Gaijin. It seems we hear the word every day. For some, it’s merely harmless shorthand for “gaikokujin” (foreigner). Even Wikipedia (that online wall for intellectual graffiti artists) had a section on “political correctness” that claimed illiterate and oversensitive Westerners had misunderstood the Japanese word.

I take a different view: Gaijin is not merely a word; it is an epithet ? about the billions of people who are not Japanese. It makes assumptions about them that go beyond nationality.

Let’s deal with the basic counterarguments: Calling gaijin a mere contraction of gaikokujin is not historically accurate.
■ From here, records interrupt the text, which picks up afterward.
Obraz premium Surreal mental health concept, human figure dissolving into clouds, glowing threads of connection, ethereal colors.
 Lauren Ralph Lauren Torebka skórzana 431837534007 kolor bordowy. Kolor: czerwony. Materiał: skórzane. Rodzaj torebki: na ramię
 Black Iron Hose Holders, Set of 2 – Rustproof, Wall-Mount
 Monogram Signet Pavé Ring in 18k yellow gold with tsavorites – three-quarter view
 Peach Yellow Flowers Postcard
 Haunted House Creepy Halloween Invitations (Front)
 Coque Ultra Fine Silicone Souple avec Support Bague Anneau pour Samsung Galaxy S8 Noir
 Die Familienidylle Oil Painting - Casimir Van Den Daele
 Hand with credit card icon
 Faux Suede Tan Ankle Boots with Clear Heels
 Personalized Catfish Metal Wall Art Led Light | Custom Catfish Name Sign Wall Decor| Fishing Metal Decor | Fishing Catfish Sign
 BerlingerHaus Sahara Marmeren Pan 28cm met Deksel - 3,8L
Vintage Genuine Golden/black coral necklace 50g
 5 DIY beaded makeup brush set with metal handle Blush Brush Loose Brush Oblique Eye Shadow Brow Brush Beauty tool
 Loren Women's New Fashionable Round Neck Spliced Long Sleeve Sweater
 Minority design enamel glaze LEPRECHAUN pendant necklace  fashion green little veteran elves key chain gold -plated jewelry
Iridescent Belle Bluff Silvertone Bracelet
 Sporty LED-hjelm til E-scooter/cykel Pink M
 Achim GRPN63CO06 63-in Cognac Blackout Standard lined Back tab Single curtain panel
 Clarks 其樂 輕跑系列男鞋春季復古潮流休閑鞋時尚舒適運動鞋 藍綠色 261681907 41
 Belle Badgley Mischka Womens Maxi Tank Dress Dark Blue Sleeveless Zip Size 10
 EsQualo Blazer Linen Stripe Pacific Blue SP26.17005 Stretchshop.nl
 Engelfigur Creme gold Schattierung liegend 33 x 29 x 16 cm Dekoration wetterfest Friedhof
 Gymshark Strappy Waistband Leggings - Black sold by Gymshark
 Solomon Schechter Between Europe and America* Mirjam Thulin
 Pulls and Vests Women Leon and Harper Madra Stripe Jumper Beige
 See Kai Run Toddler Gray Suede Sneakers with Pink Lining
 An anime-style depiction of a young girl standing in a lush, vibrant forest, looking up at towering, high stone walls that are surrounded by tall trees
According to ancient texts and prewar dictionaries, gaijin (or “guwaijin” in the contemporary rendering) once referred to Japanese people too. Anyone not from your village, in-group etc., was one. It was a way of showing you don’t belong here ? even (according to my 1978 Kojien, Japan’s premier dictionary) “regarded as an enemy” (“tekishi”). Back then there were other (even more unsavory) words for foreigners anyway, so gaijin has a separate etymology from words specifically meaning “extra-national.”

Even if one argues that modern usage renders the two terms indistinguishable, gaijin is still a loaded word, easily abused.

For gaijin is essentially “n–ger” and should be likewise obsolesced.

Fortunately our media is helping out, long since adding gaijin to the list of “hoso kinshi yogo” (words unfit for broadcast).

So can we. Apply Japan’s slogan against undesirable social actions: “Shinai, sasenai” (“I won’t use it, I won’t let it be used.”).